Well, we didn’t have to wait too much longer. Desmond Child eventually developed into a well-known songwriter, but his band took the plunge almost immediately. The Police, on the other hand, attacked America with a vengeance. The band’s work ethic was astonishing. Like they did in England, they toured the States in a van, with their soundman serving as their chief (and only) roadie. “Roxanne” went on to become one of America’s first alternative hits, and each subsequent release got more attention than its predecessor.

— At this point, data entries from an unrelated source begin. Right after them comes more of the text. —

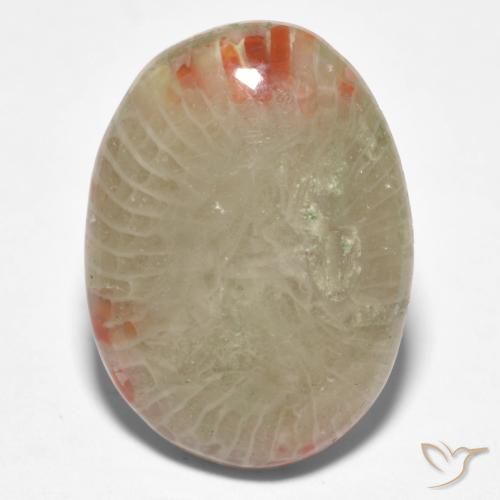 8.81ct 天然 彩色 珊瑚, 椭圆形, 半透明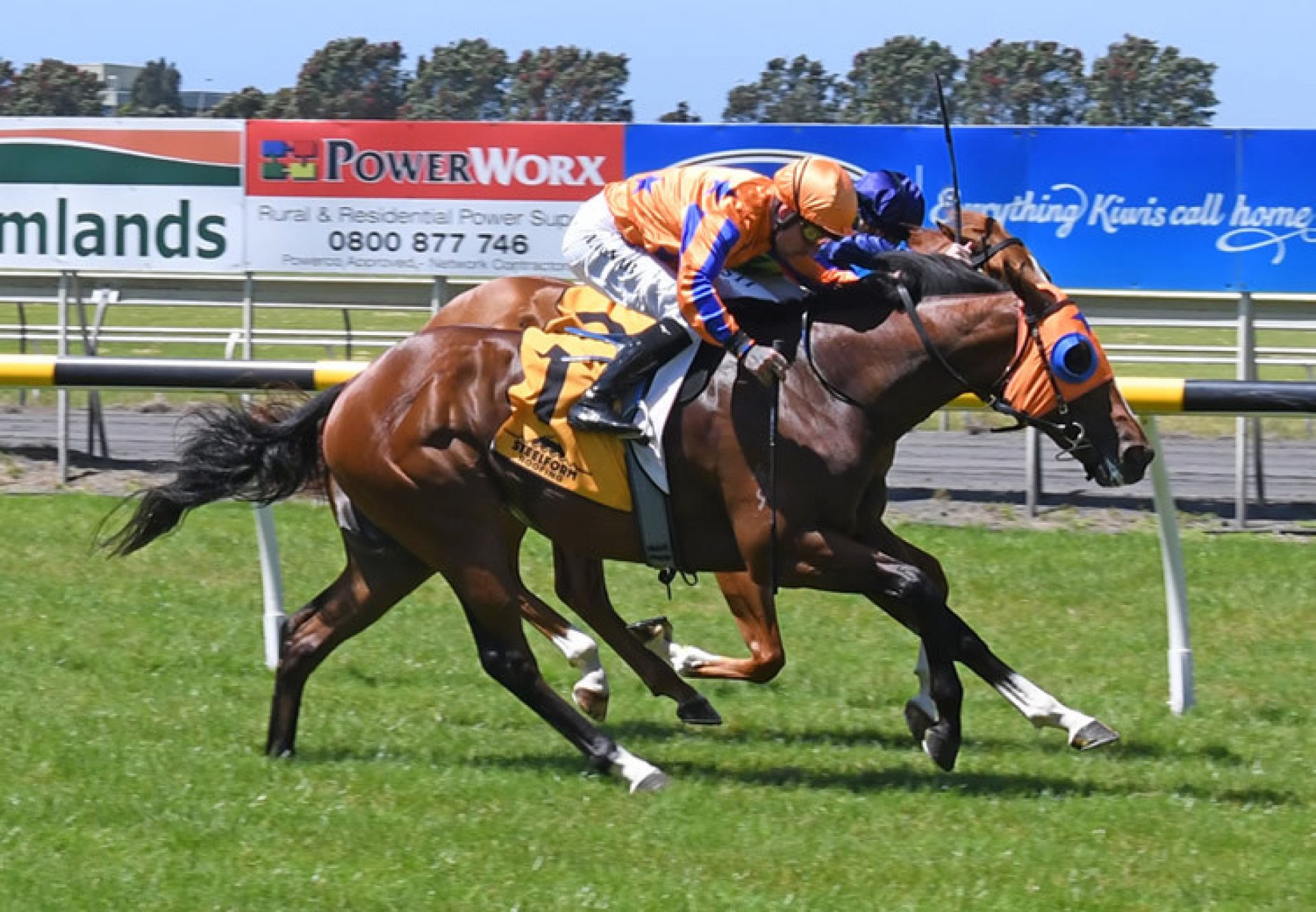 Lord Cosmos (Pierro) winning at New Plymouth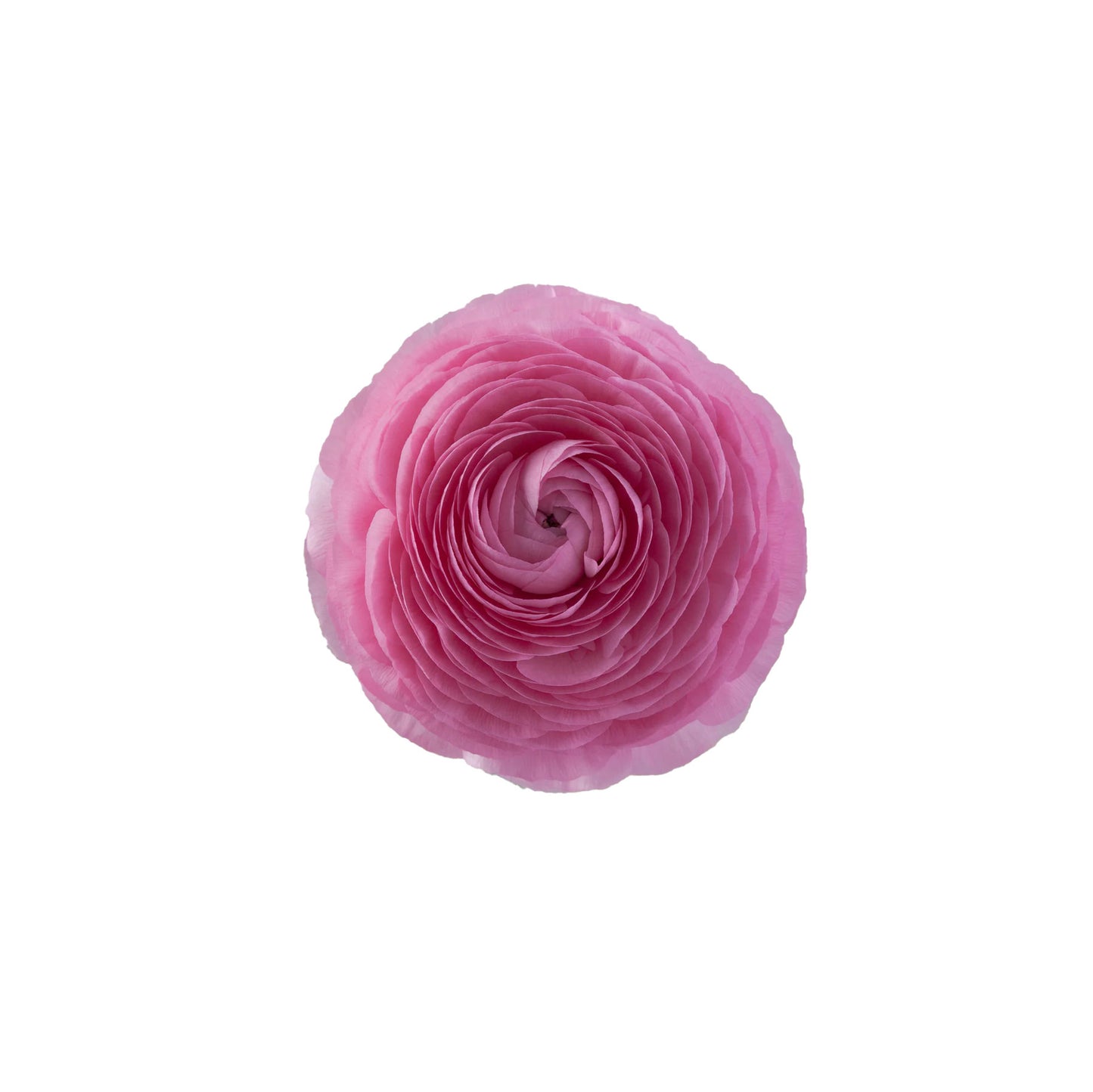 Pink Ranunculus Elegance Rosa Chiaro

By the time of their fourth album, Ghost in the Machine, the Police were international superstars. Unfortunately, the price of experience was a heavy load to bear. During their previous tour of four continents, including stops in areas of the globe that were isolated from Western pop culture, Sting, Summers, and Copeland saw poverty and destitution like they had never seen. Starvation was no longer a concept, but a reality, and their fourth album reflects the knowledge that so many people live with this pain on a daily basis. Sting began to express universal concerns in his lyrics, asking the Western world to employ its might to help. While the Police’s previous records had been sparse and limber, Ghost in the Machine became a lumbering behemoth. In conjunction with producer Hugh Padgham, the band layered an excess of synthesized keyboards on the album, along with countless overdubs, blanketing the already weighty subject matter in a web of bombastic production. With the best of intentions, the Police became bogged down by the weight of the world.
“Every Little Thing She Does Is Magic” sounds almost magical among the dour surroundings of Ghost in the Machine. It captures the Police doing what they do best by combining a simple, upbeat love song with intelligent lyrics, a great melody, and typically fantastic ensemble playing. What other band of the mid-‘80s was lithe enough to float above the dense production of this song and make it sound easy? Who else could have presented a pop song that so seamlessly shares familiar and foreign influences? The simple escapism of the single was perfect for the post-progressive pop scene of the blossoming ‘80s. Balancing lighthearted whimsy with the personal/political concerns that are expressed in the song’s companion album, the Police were confident in knowing that they enjoyed the best of both worlds.